In light of the Central Bank’s decision to raise interest rates and the strong US data on employment, the central question remains: What will happen to gold prices? Gold is a precious metal that has both material and symbolic value in many cultures, and is considered a safe haven for investors during periods of economic and political turmoil. However, the effect of raising interest rates and improving economic conditions in the US could negatively affect gold prices.
When the interest rate rises, the cost of borrowing increases and the demand for gold as an investment tool declines. When interest is high, investors prefer to put their money in bank accounts that provide high returns rather than buying gold. This shift in investment trends leads to a decrease in the demand for gold and, consequently, a decrease in its prices.
In addition, the improvement in employment in the US may also affect gold prices. When there is strong growth in the labor market and improvement in salaries and job opportunities, investors tend to build on this economic growth and direct their investments towards other assets that yield higher returns. This includes stocks, real estate and other currencies. Thus, it increases the possibility of a decline in demand for gold and its impact on its prices.

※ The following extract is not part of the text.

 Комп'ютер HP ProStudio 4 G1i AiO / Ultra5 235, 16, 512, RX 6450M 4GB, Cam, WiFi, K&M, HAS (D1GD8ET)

However, we should note that gold is not only affected by internal economic factors. It is also affected by many geopolitical factors and turmoil in the international arena. When political tension, social protests or military conflicts arise, the price of gold can rise due to investors’ demand for a safe haven.
In short, the price of gold is likely to see a negative impact in light of interest rate hikes and improving economic conditions in the US. However, we must bear in mind that gold is not only affected by economic factors, but also by geopolitical factors that may lead to an increase in demand for it as a safe haven.